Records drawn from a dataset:
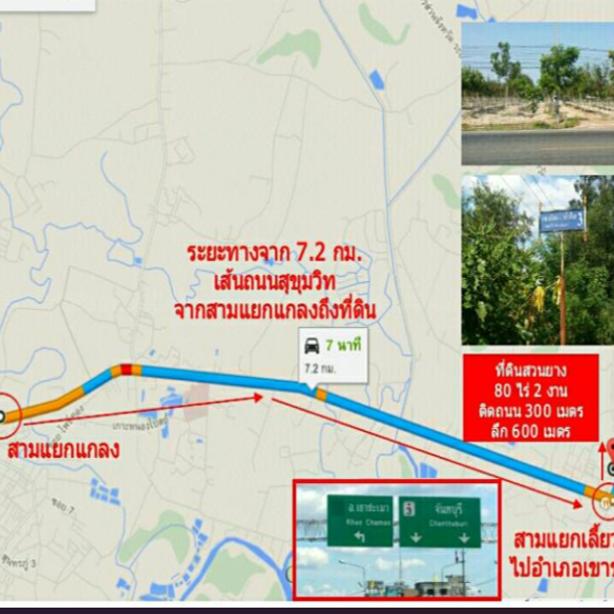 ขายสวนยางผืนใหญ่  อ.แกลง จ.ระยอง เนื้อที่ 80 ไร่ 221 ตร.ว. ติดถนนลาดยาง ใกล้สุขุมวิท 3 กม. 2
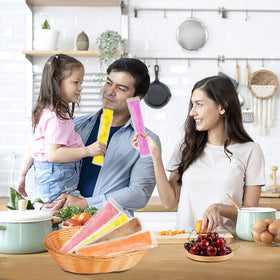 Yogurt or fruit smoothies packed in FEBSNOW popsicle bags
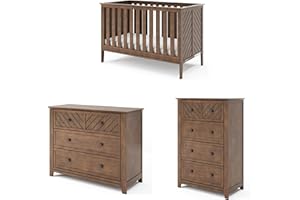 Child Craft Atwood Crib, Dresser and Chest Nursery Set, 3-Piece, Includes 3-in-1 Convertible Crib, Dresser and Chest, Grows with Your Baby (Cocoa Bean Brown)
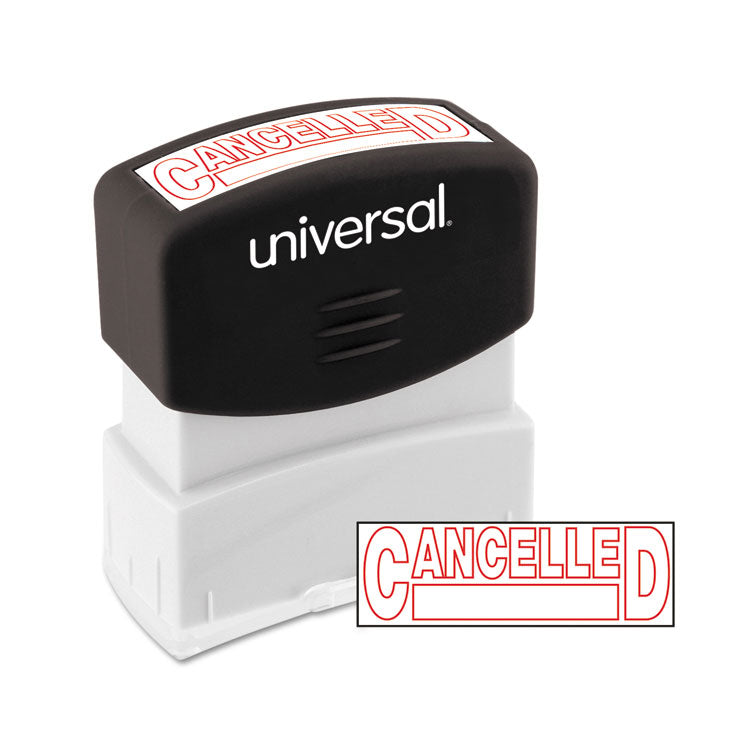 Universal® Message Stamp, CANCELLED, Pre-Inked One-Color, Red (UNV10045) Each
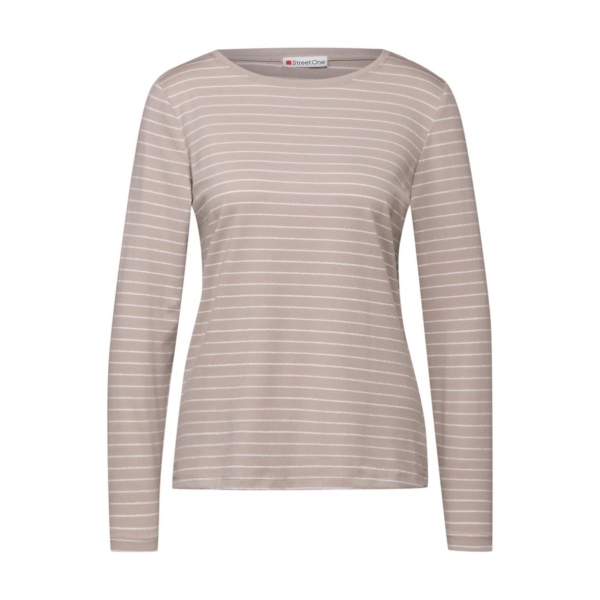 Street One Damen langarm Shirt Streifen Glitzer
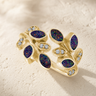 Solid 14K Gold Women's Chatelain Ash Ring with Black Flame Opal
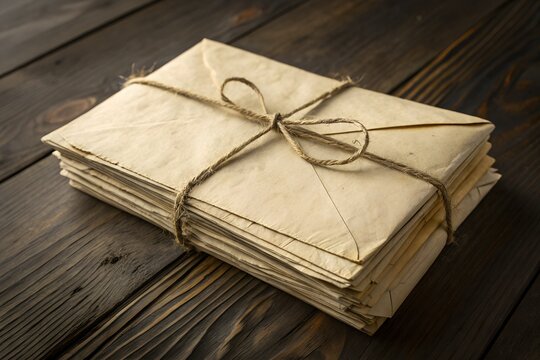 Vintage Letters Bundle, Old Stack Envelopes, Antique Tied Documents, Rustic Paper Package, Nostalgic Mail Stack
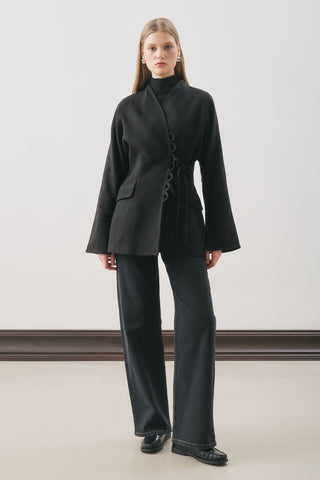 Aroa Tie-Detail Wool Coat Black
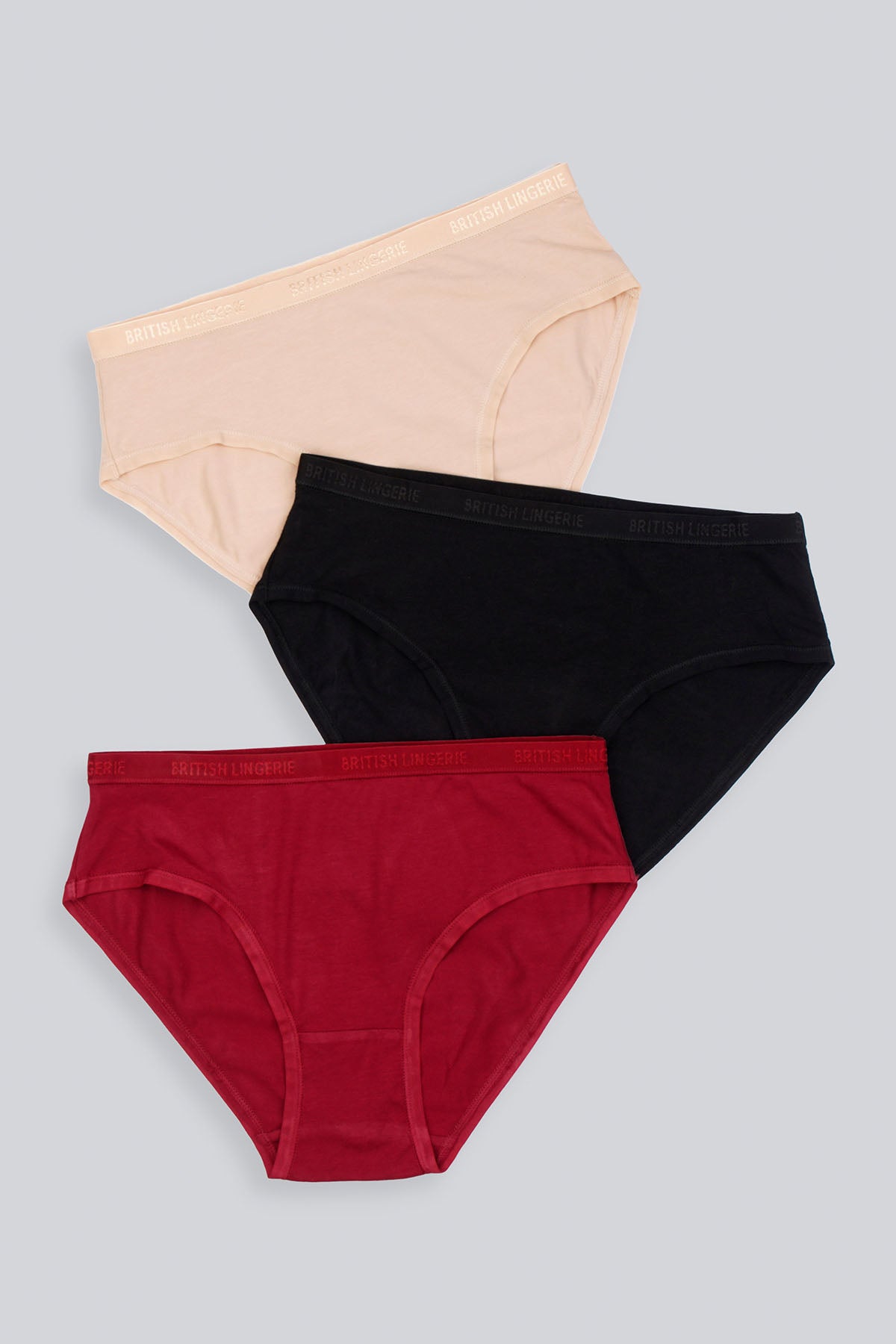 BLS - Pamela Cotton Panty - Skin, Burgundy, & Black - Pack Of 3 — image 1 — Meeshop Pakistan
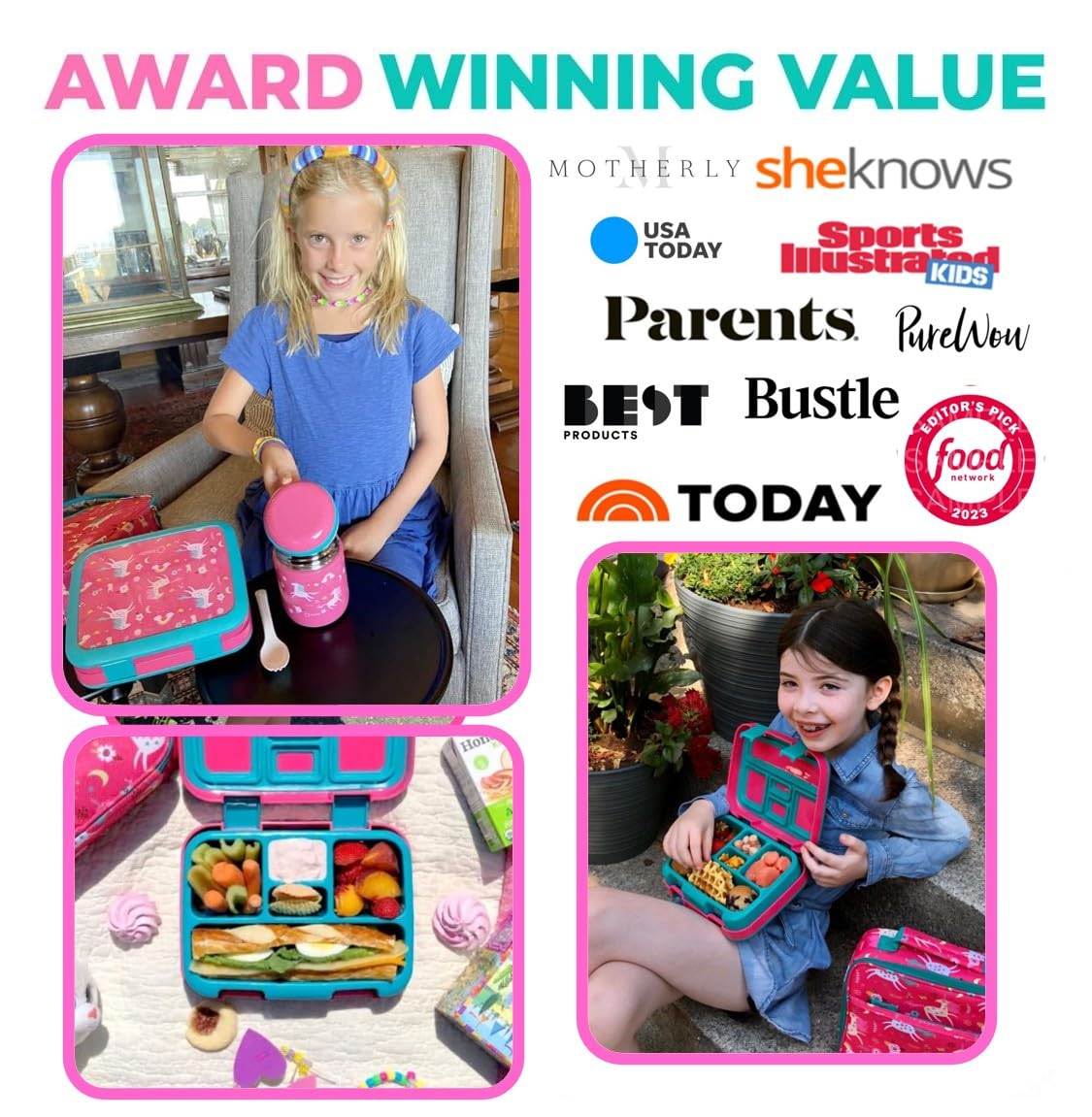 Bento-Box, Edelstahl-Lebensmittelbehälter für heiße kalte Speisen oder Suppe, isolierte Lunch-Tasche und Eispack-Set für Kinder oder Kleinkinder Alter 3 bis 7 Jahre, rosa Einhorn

▶ What is required
For each record above, write out every line exactly and skip the pictures.

▶ Completed exercise
 ขายสวนยางผืนใหญ่  อ.แกลง จ.ระยอง เนื้อที่ 80 ไร่ 221 ตร.ว. ติดถนนลาดยาง ใกล้สุขุมวิท 3 กม. 2
 Yogurt or fruit smoothies packed in FEBSNOW popsicle bags
 Child Craft Atwood Crib, Dresser and Chest Nursery Set, 3-Piece, Includes 3-in-1 Convertible Crib, Dresser and Chest, Grows with Your Baby (Cocoa Bean Brown)
 Universal® Message Stamp, CANCELLED, Pre-Inked One-Color, Red (UNV10045) Each
 Street One Damen langarm Shirt Streifen Glitzer
 Solid 14K Gold Women's Chatelain Ash Ring with Black Flame Opal
 Vintage Letters Bundle, Old Stack Envelopes, Antique Tied Documents, Rustic Paper Package, Nostalgic Mail Stack
 Aroa Tie-Detail Wool Coat Black
 BLS - Pamela Cotton Panty - Skin, Burgundy, & Black - Pack Of 3 — image 1 — Meeshop Pakistan
 Bento-Box, Edelstahl-Lebensmittelbehälter für heiße kalte Speisen oder Suppe, isolierte Lunch-Tasche und Eispack-Set für Kinder oder Kleinkinder Alter 3 bis 7 Jahre, rosa Einhorn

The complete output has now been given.